Study: Methane leaks from U.S. oil-and-gas region worse than estimates
- Ben Geman, author of Axios Generate

Illustration: Rae Cook/Axios
Methane leaks from a major U.S. oil-and-gas producing region are far higher than prior estimates, new research shows.
Why it matters: Methane, the main component of natural gas, is a powerful planet-warming substance.
- Leaks in production and transport erode — or could even erase — benefits of much lower CO2 emissions than coal when the fuels are burned for power.
Driving the news: The Stanford-led study in Environmental Science & Technology used sophisticated airborne imaging to analyze leaks on the New Mexico side of the prolific Permian Basin region.
- The topline finding is a leak rate of over 9% of gas produced (though they also offer a range of estimates).
- That's "several-fold higher than Environmental Protection Agency estimates and well above those in the published literature," a Stanford summary notes.
- “It’s worse than we thought by a long shot," co-lead author Evan Sherwin said in a statement, and in an email, he notes that's far above the amount that nullifies the climate advantage over coal.
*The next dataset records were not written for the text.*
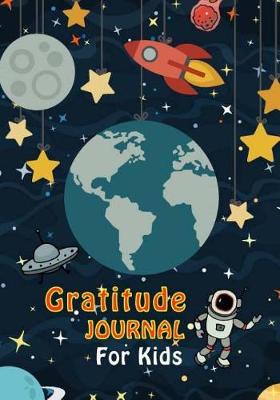 Cover of Gratitude Journal For Kids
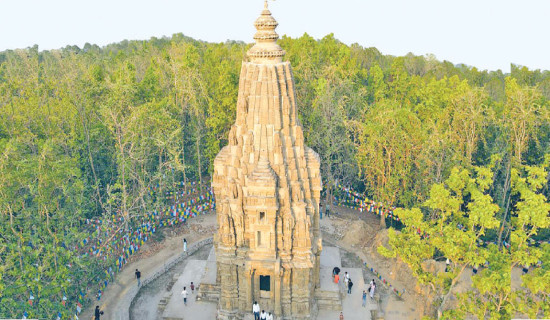 10-year plan ready to conserve Kakre Bihar forest area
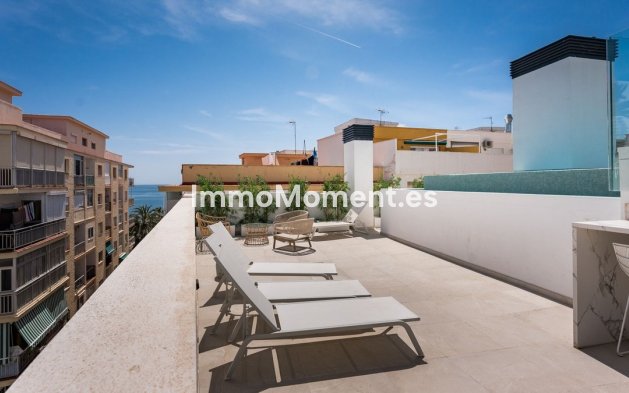 Bestaande woning - Appartement - Estepona  - Estepona Centro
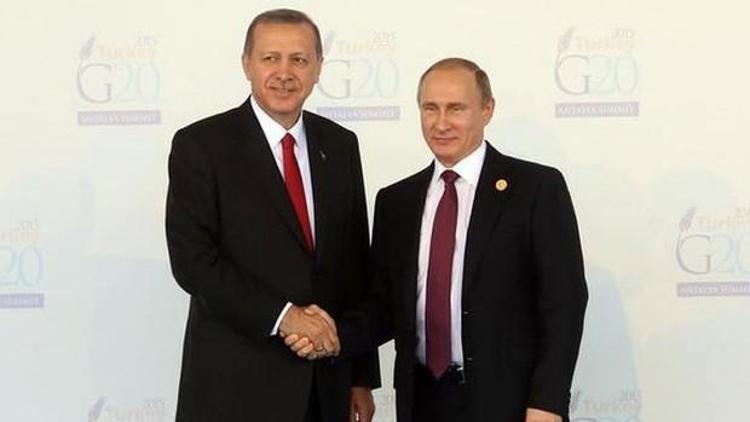 Erdoğan- Putin görüşmesinin tarihi netleşti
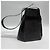 Louis Vuitton Borsa a tracolla Saddle Bucket PM (Alta Qualità, Black) Nero - vista 11
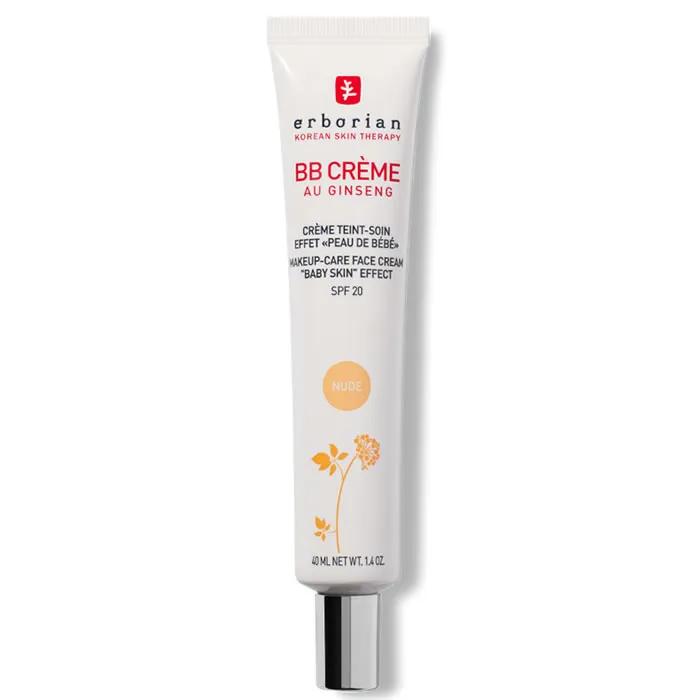 Erborian BB Cr?e Au Ginseng Nude Spf 20 40 мл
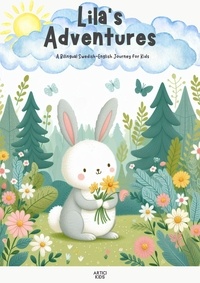  Artici Kids - Lila's Adventures: A Bilingual Swedish-English Journey for Kids.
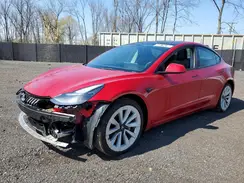 5YJ3E1EA3NF372575 2022 TESLA MODEL 3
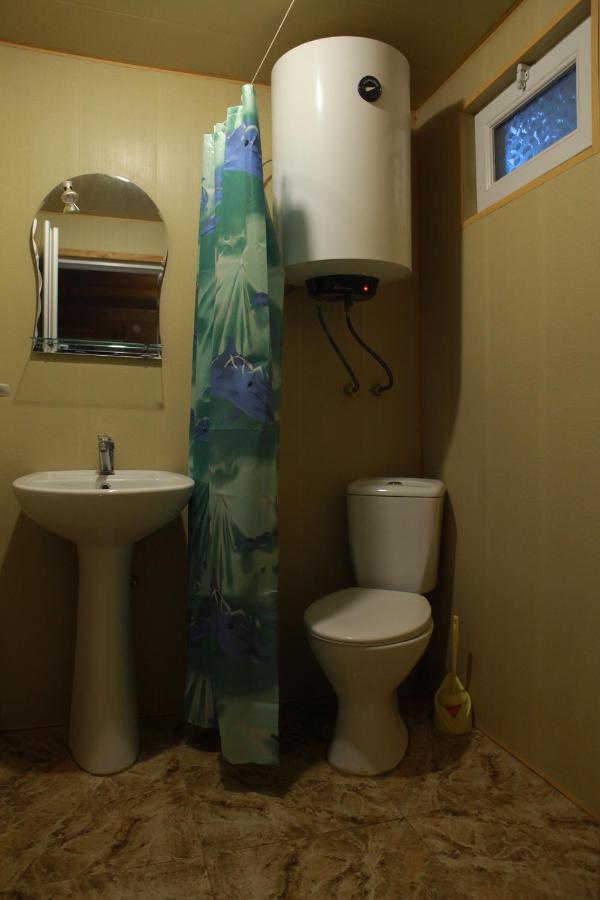 Cottage Woodside Mestia Esterno foto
How it works: The survey involved over 100 flights between 2018-2020, covering roughly 14,000 square miles, over 26,000 wells and thousands of miles of pipelines, per the study and a Stanford summary.
Yes, but: One bright spot is that a relatively small number of "super-emitter" sites have an outsized impact on the region's total emissions, with less than 4% comprising over half the total.
- "Once leaks are identified, shutting them down is often an inexpensive and straightforward fix," the summary notes.
- It also comes as oil-and-gas producers have been boosting focus on curbing methane emissions.